2025-07-31 - HLSL Working Group Minutes
Propose a discussion topic by making an edit suggestion on the GitHub PR.
- Discussion topics
- Supporting -O0 in Clang
Generated by AI. Be sure to check for accuracy. Meeting notes:
Struct Decomposition and Scalarization Challenges:
Discussed the technical challenges of struct decomposition in the presence of dynamic array indices, focusing on the SROA pass, language differences between C and HLSL, and the implications for DXIL code generation.
* SROA Pass Limitations: the SROA pass in LLVM refuses to decompose structs containing arrays when the array index is not known at compile time, due to the risk of out-of-bounds accesses that could legally reference other struct fields in C, making decomposition unsafe.

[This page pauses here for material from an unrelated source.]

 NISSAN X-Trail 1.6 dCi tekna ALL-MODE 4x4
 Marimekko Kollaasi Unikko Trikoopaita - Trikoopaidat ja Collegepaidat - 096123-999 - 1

* Language Semantics Differences: in C, negative or out-of-bounds array indexing within structs is defined behavior, preventing decomposition,, whereas in HLSL, such accesses are undefined behavior or even ill-formed, allowing for more aggressive decomposition in compilers like DXC.
* Proposed Solutions for Decomposition: modifying the SROA pass to allow decomposition when array accesses are marked as inbounds, and HLSL could always generate inbounds accesses in HLSL codegen, relying on the language's undefined behavior for out-of-bounds accesses.
Optimization Levels and Legalization Requirements:
Discussed the necessity of running certain optimizations at O0 (no optimization) to generate valid DXIL or SPIRV, the distinction between legalization and optimization, and the implications for debug information and user expectations. * O0 and Valid Code Generation: generating valid DXIL or SPIRV often requires running optimization passes even at O0, as some code patterns (e.g., resource handle propagation, loop unrolling) cannot be lowered correctly without them, and DXC often runs a full optimization pass pipeline at O0 for this reason. * Legalization Versus Optimization: passes required to produce valid output (such as SROA, inlining, and loop unrolling for certain constructs) should be considered legalization rather than optimization, and that O0 should still run these passes to ensure correctness. * Debug Information Considerations: required passes like SROA and loop unrolling can degrade the debugging experience, however they are necessary for correct code generation, and that a balance must be struck for good debuggability. * Military and Special Use Cases for O0: some users, such as military or machine learning workloads, may require strict O0 (no optimizations), but consensus emerged that supporting this may not be practical if it leads to invalid output, and that users with such requirements may need to implement their own solutions.
Handling of the Optimize-None Attribute and Pass Pipeline:
Discussed the implications of the optimize-none (optnone) attribute in LLVM, debating whether to run required passes like SROA on functions marked with optnone, and considered changes to the Clang-DXC pipeline to ensure valid code generation for HLSL. * SROA and Optimize-None: SROA currently skips functions marked with optimize-none, which can prevent valid DXIL generation, and considered whether to make exceptions for SROA or to avoid marking HLSL functions with optimize-none altogether. * Pipeline Adjustments for HLSL: The group considered modifying the Clang-DXC pass pipeline to avoid applying optimize-none to HLSL functions, recognizing that HLSL’s requirements differ from C++ and that this change would allow necessary legalization passes to run even at O0. * Tracking and Resolution: @Icohedron to ensure that an issue is tracked for not supporting the optimize-none attribute in this context, and for adjusting the pipeline accordingly.
Short-Term and Long-Term Plans for O0 Support:
Discussed possible short-term and long-term strategies for O0 support in Clang-DXC, including promoting O0 to O1, warning users, or removing O0, and the need for further data on user requirements. * Promoting O0 to O1 or OD: Clang-DXC could treat O0 as O1 or OD under the hood, running the minimal set of required passes to ensure valid output, and possibly warning users that true O0 is unsupported. * User Experience and Backwards Compatibility: it is important to understand who uses O0 and for what purposes, so that we may avoid breaking user expectations or introducing validation errors when migrating from DXC to Clang-DXC. * Action Items and Next Steps: more data is needed on O0 usage, and in the meantime, the team should focus on generating good debuggable code and tracking differences in behavior between Clang and DXC.
Follow-up tasks:
- Create and track an issue to not put the optimize none attribute on functions in Clang-DXC for DXIL legalization. (@Icohedron)